Osteoclasts resorb and break down bone tissue as part of the body’s natural bone remodelling and maintenance process. When these cells become senescent, they no longer function properly, which can lead to problems with bone maintenance and repair.
“It’s previously been shown that senescence promotes age-related musculoskeletal diseases such as osteoporosis, and removing senescent cells from degenerated vertebral discs restores the intervertebral disc structure,” explains lead author Dayu Pan, Postdoctoral Research Fellow in the Departments of Orthopedic Surgery and Biomedical Engineering, Johns Hopkins University School of Medicine, US. “We previously found that osteoclasts cause the endplates between each vertebra and disc to become porous, allowing infiltration of new nerves that cause lower back pain. In this study, we set out to test whether this is caused by a specific group of senescent osteoclasts and whether eliminating these osteoclasts could reduce the pain.”
The research team first set out to identify whether senescent osteoclasts were present in the porous endplates of vertebrae in mice with two types of spine hypersensitivity – one caused by ageing and the other caused by lumbar spine instability. They tested for the simultaneous presence of two markers within the bone – ‘TRAP’ which is a hallmark of osteoclasts, and p16, used to identify senescent cells. In both types of spinal degeneration, they saw a strong association between the presence of senescent osteoclasts and the degree of degeneration and spine hypersensitivity.
Next, they explored whether a drug called Navitoclax, which targets senescent cells, could eliminate senescent osteoclasts and reduce spinal hypersensitivity. As hoped, the treatment caused a significant reduction in senescent osteoclasts compared to untreated mice, as well as reduced pain and increased activity in mice with both types of spine degeneration.
Spinal scans and microscopic examination of bone tissue confirmed there was reduced degeneration and porosity within the endplates, as well as reduced separation between them, in the treated mice. This suggests the anti-senescence drug can prevent the degeneration and remodelling associated with ageing or spine instability.
Finally, because porous endplates allow new nerves to grow into the endplate bone, causing sensitivity, the authors looked at whether senescent osteoclasts play a role in this process. They tested for two markers of nerve fibres in the endplates of mice, as well as markers of new blood vessels, and found that mice treated with the anti-senescence drug had fewer nerves and blood vessels within the endplate than untreated mice. This suggests there is an ongoing dysfunctional production of new bone tissue within the spinal endplate in the ageing or injured spine, and that treatment to remove the senescent osteoclasts could halt this process.
Taken together, these findings suggest a potential role for anti-senescent drugs such as Navitoclax in treating spine pain, but this would need to be further evaluated in clinical trials before the treatment could be used in patients with lower back pain.
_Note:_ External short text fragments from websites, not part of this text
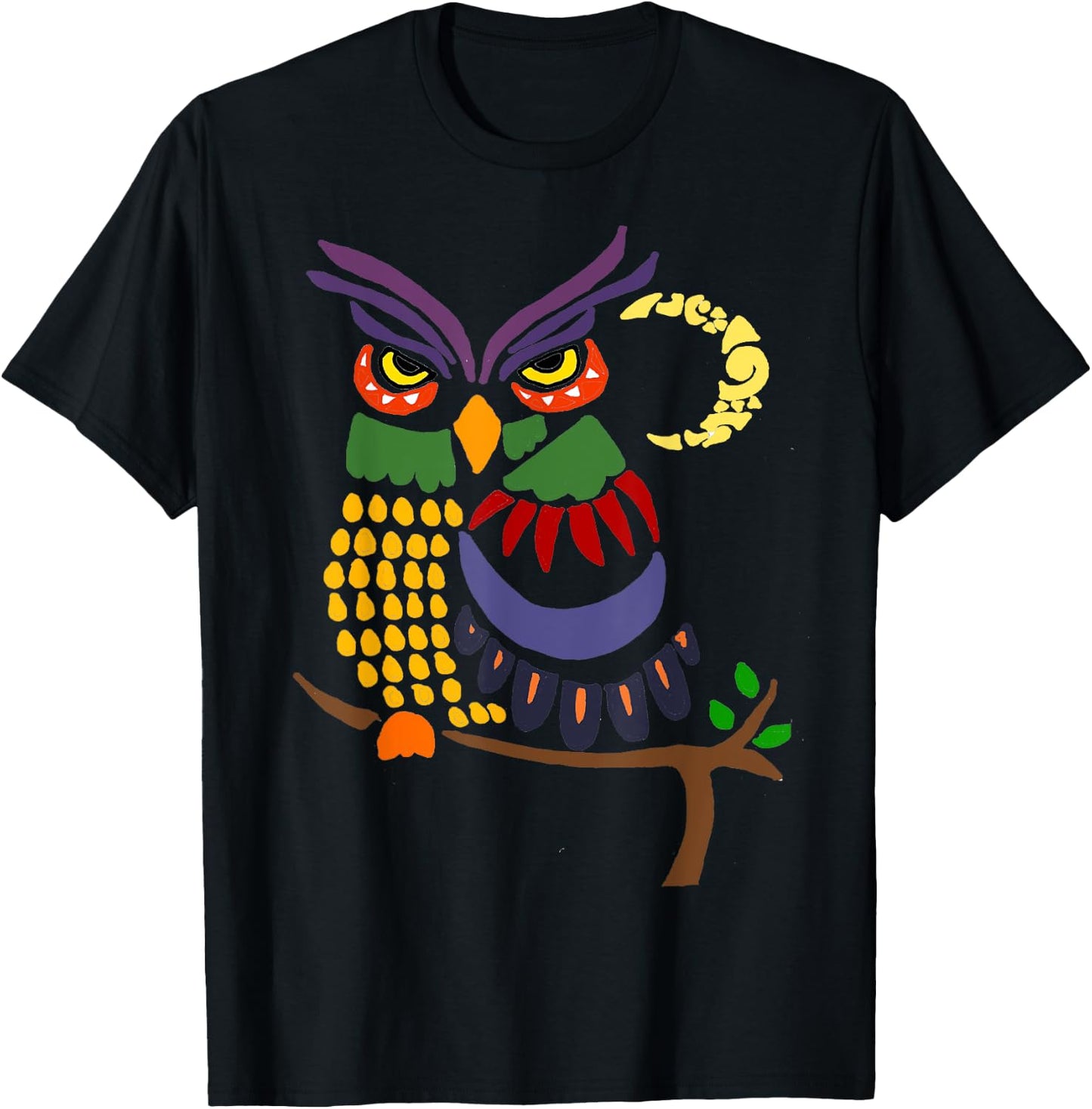 Smiletodaytees Owl Abstract Art T-Shirt - T-Shirt | Black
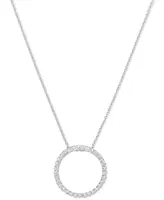 Diamond Circle Pendant Necklace (1/2 ct. t.w.) in 14k White or Yellow Gold, 16" + 2" extender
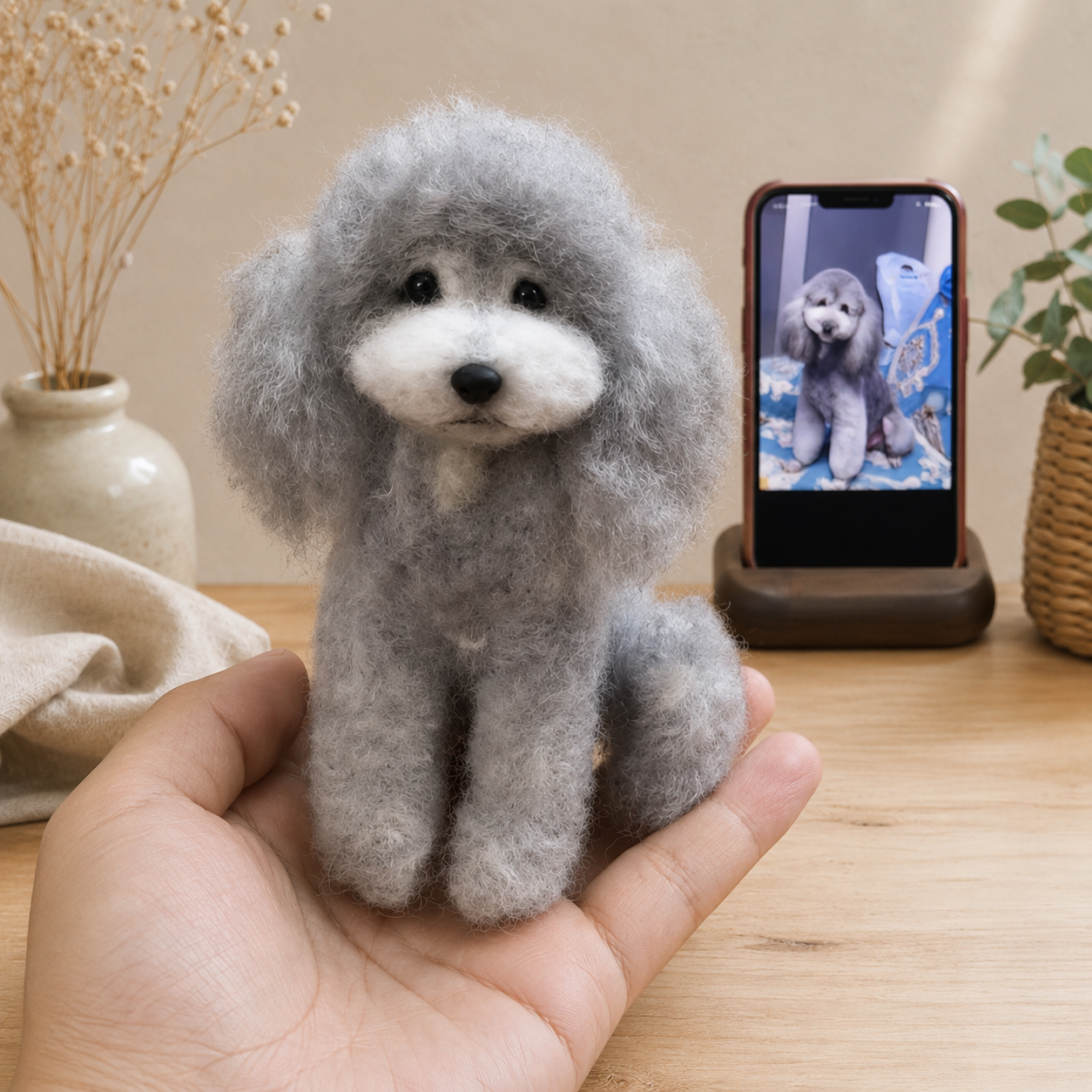 Realistic Custom Needle Felted Pet Miniature - Full-Body Dog & Cat Handcrafted Sculpture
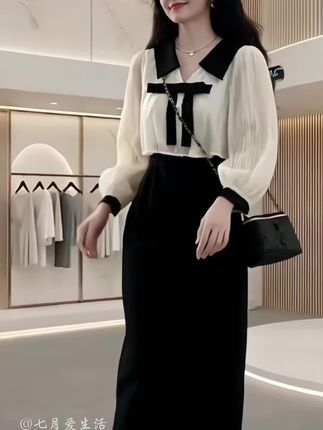 #大码女装#早秋法式气质风衬衫娃娃领连衣裙#蝴蝶结设计显瘦假两件连衣裙子#春秋穿搭 #显瘦穿搭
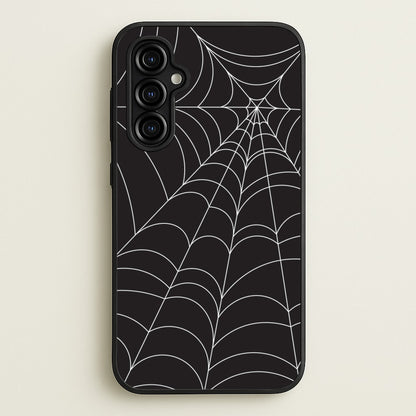 Black Cobwebs Pattern  - Halloween Phone Case for Galaxy A54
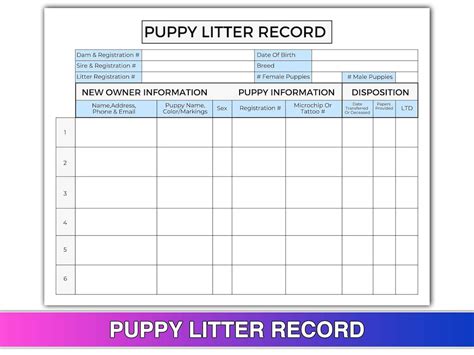 puppy records template download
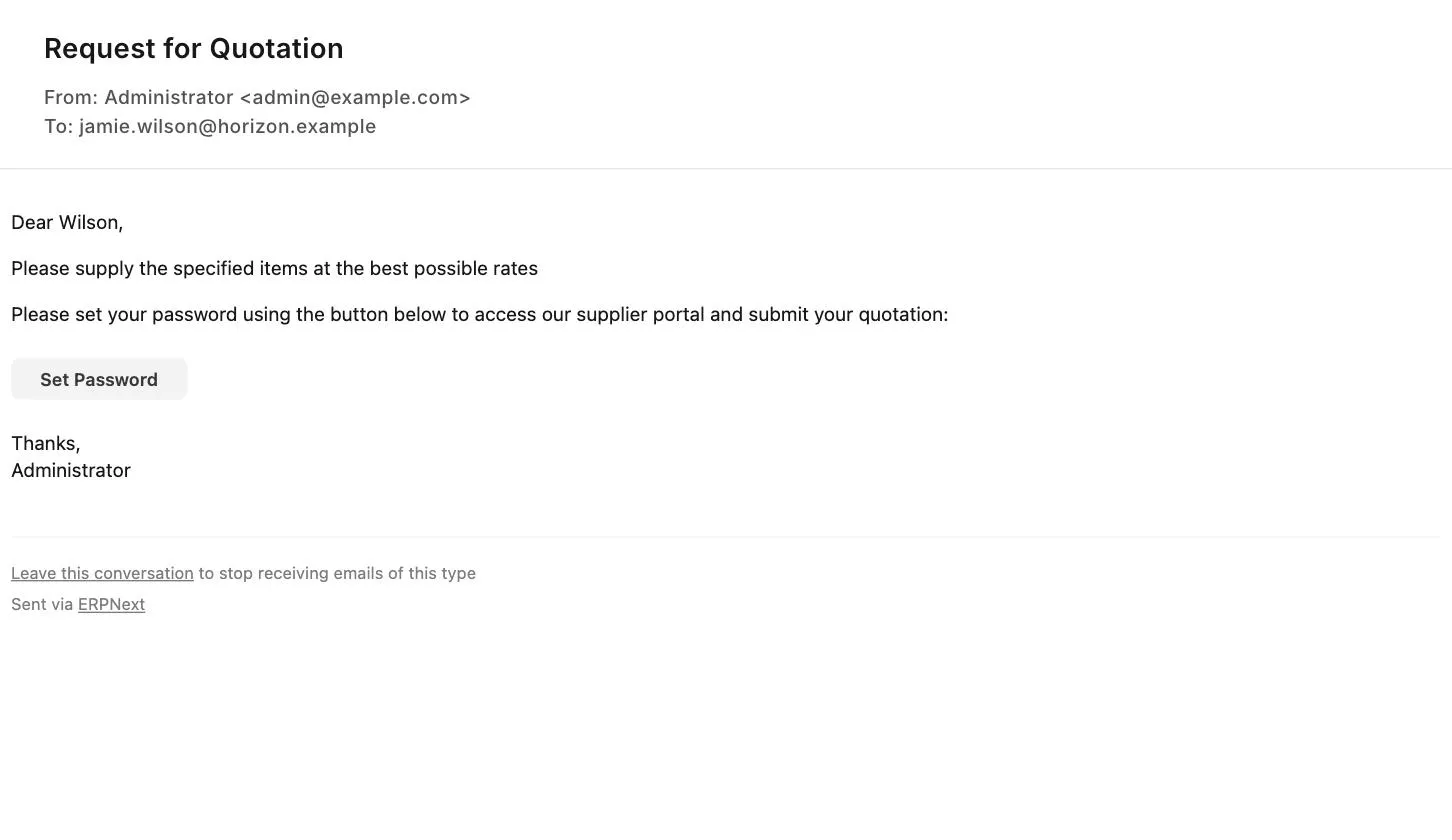 Supplier email with password update link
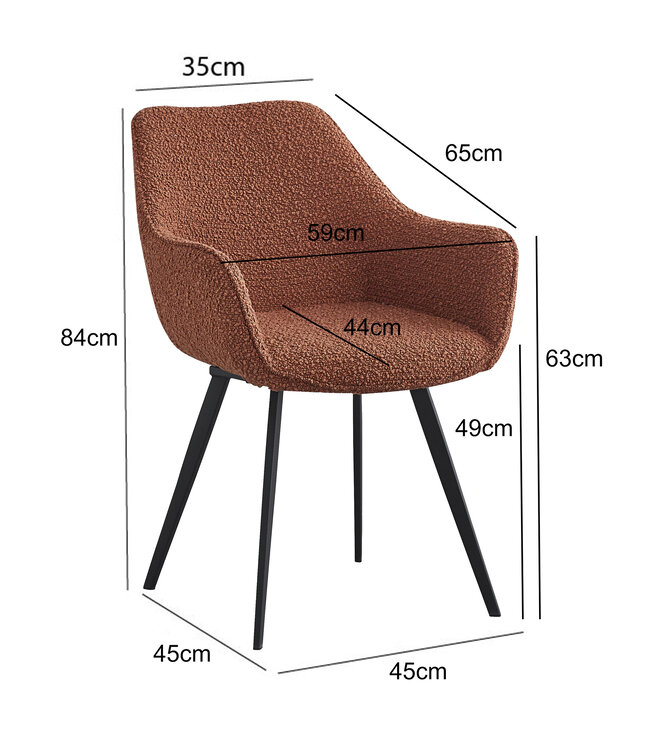 Livingfurn Luca Boucle Leaf Brown-13771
“Osteoclasts are the principal bone resorbing cells essential for bone remodelling and skeletal development, but we have shown that osteoclasts in the endplate of the spinal column undergoes senescence, leading to nerve growth and spine pain,” concludes senior author Xu Cao, Professor of Orthopedic Surgery, Department of Orthopedic Surgery and Department of Biomedical Engineering, Johns Hopkins University School of Medicine. “Our findings suggest that depletion of these senescent osteoclasts, perhaps by use of existing drugs, could represent a new strategy in the treatment of lower back pain.”